Para suavizar as tensões, dois ministros têm sido os principais responsáveis por dialogar com os evangélicos: Jorge Messias (AGU) e Alexandre Padilha (Relações Institucionais). Messias, que tem raízes em uma família batista, é visto como uma importante “ponte” entre o governo e as diversas denominações evangélicas, transmitindo a mensagem de que o governo respeita os valores cristãos.
Em um momento delicado, o ministro Messias esteve presente em uma reunião onde Lula se referiu ao “livramento” que teria recebido após sofrer uma queda no Palácio da Alvorada, o que reforçou a relação simbólica com os evangélicos.
“O presidente falou para nós: ‘Ainda bem que oraram por mim’. Ele sentiu que a mão de Deus o livrou de coisa pior”, relatou Messias, referindo-se à sensação de proteção divina vivida por Lula após o incidente.
A relação da Frente Parlamentar Evangélica com o ex-presidente Jair Bolsonaro, embora inicialmente promissora, tem sido marcada por uma série de desentendimentos. Deputados evangélicos, como Otoni de Paula (MDB-RJ), afirmam que Bolsonaro nunca deu o devido prestígio à bancada durante seu governo, criando um vácuo político que favoreceu a aproximação com o governo atual.

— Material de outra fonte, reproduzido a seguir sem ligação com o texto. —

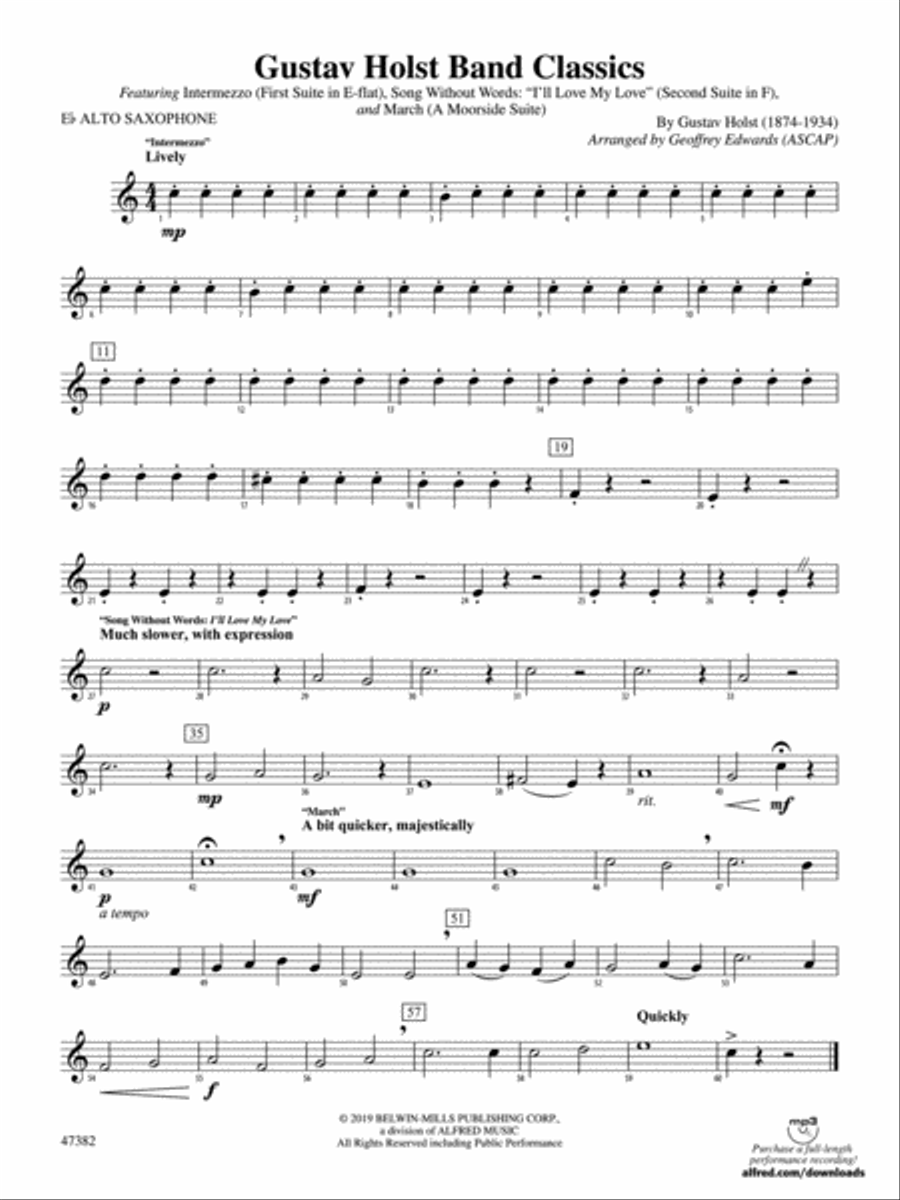Gustav Holst Band Classics: E-flat Alto Saxophone Concert Band scores gallery preview page 1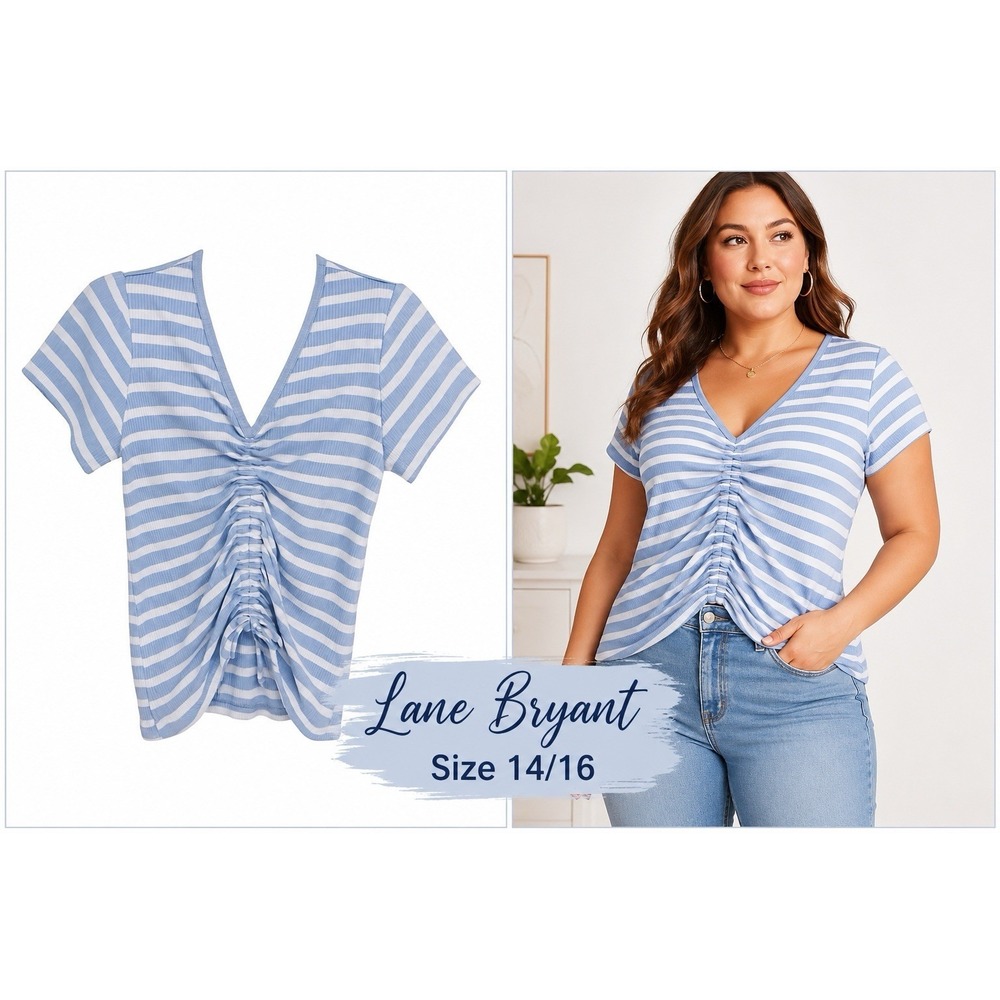 Lane Byant Blue & White Striped Ruched Front Adj. Tie Shirt Sz 14/16 Coastal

Apesar de críticas internas e divisões no bolsonarismo, uma ala evangélica do Congresso tem se mostrado disposta a apoiar Lula, embora de forma mais discreta, buscando uma posição estratégica sem o estigma de alinhamento à esquerda, informa reportagem do Globo.
De acordo com o cientista político Vinícius do Valle, essa ala acredita que sua presença no governo será fundamental para influenciar as políticas públicas, sem comprometer a imagem junto ao eleitorado conservador. Enquanto o governo Lula tenta consolidar sua relação com os evangélicos, ainda restam incertezas sobre o real impacto dessas articulações na governabilidade.
Embora o grupo seja essencial para o sucesso eleitoral de Lula, ele também enfrenta resistência interna, principalmente de setores ligados a Bolsonaro. Além disso, a possibilidade de uma reforma ministerial, que pode incluir a criação de um ministério voltado para os evangélicos e mulheres, pode ser a chave para garantir estabilidade política no futuro próximo.